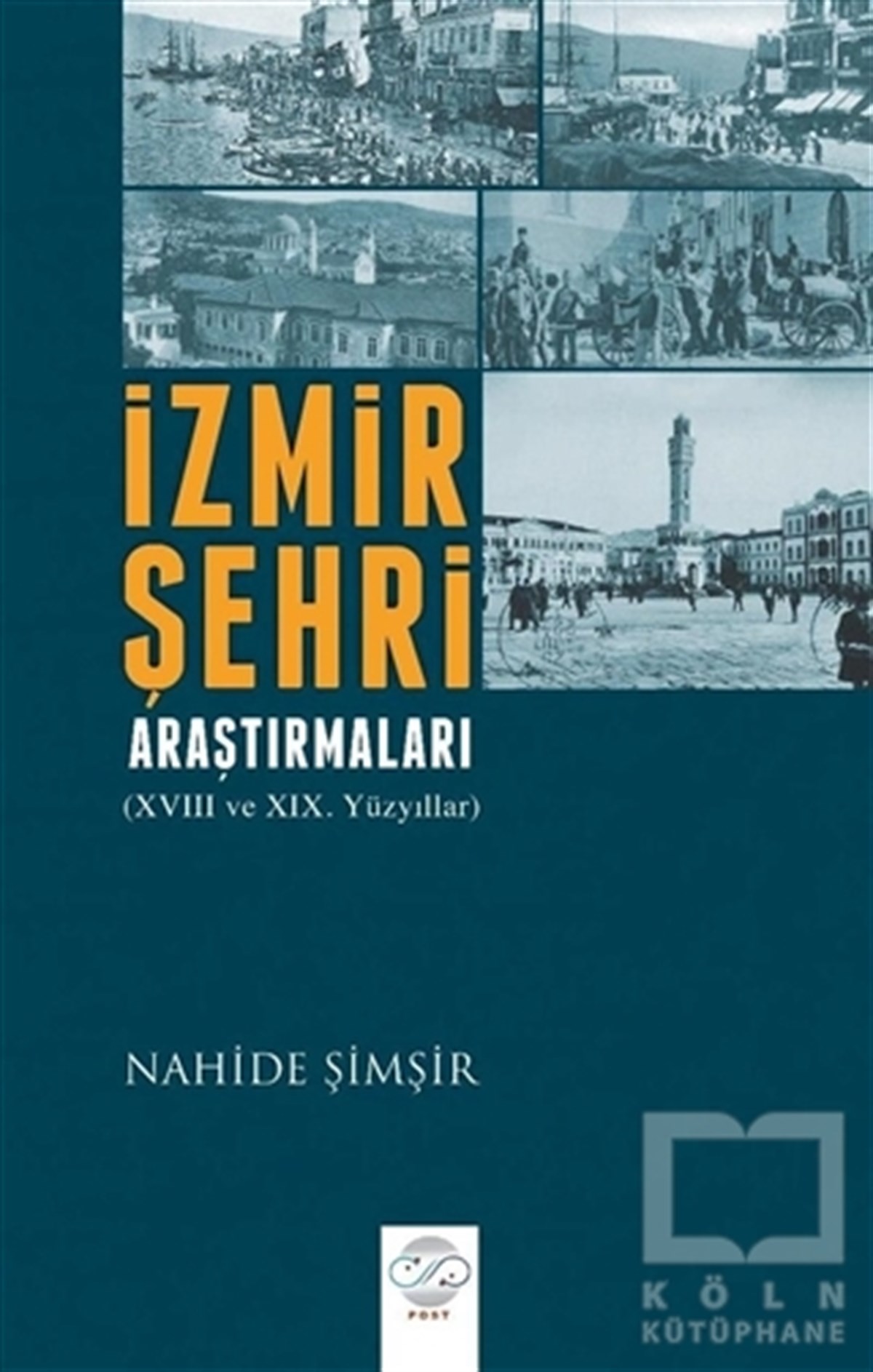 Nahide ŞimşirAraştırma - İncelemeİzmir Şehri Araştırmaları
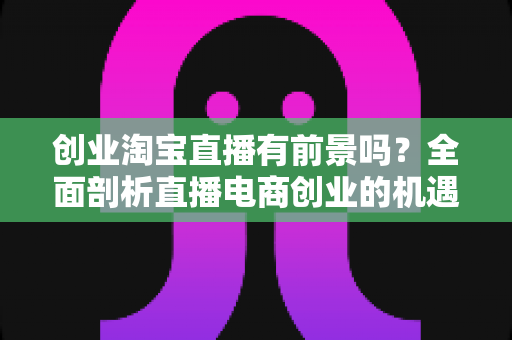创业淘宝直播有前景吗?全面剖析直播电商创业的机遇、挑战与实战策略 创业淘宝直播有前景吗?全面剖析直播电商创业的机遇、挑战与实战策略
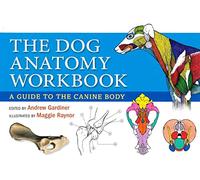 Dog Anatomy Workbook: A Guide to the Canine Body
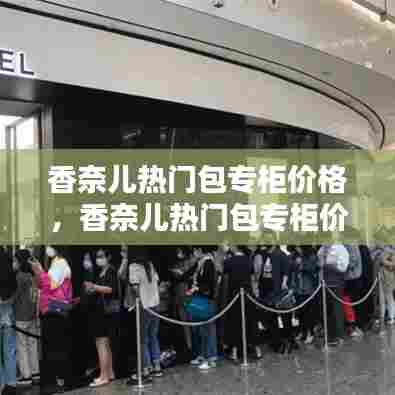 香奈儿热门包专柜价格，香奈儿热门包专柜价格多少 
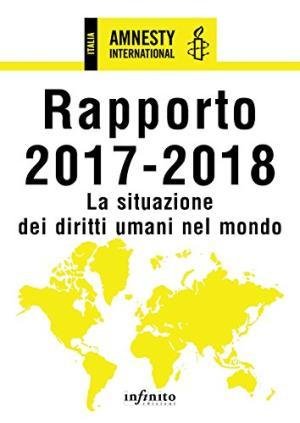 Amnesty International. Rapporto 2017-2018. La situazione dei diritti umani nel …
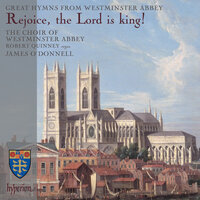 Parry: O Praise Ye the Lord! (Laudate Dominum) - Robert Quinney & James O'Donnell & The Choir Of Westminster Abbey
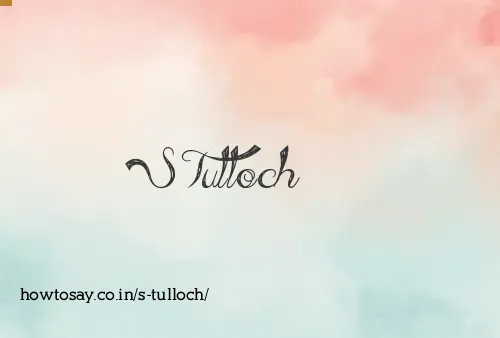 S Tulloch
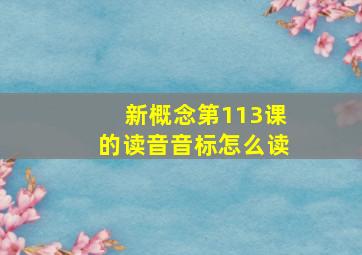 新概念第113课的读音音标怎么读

··········

TASK TO CARRY OUT: What is needed is an exact restatement of every line from the line containing "Dog Anatomy Workbook: A" through the last line of the records, minus any pictures.

TASK RESULT:
 Dog Anatomy Workbook: A Guide to the Canine Body
 香奈儿热门包专柜价格，香奈儿热门包专柜价格多少 
 Amnesty International. Rapporto 2017-2018. La situazione dei diritti umani nel …
 Parry: O Praise Ye the Lord! (Laudate Dominum) - Robert Quinney & James O'Donnell & The Choir Of Westminster Abbey
 S Tulloch
 新概念第113课的读音音标怎么读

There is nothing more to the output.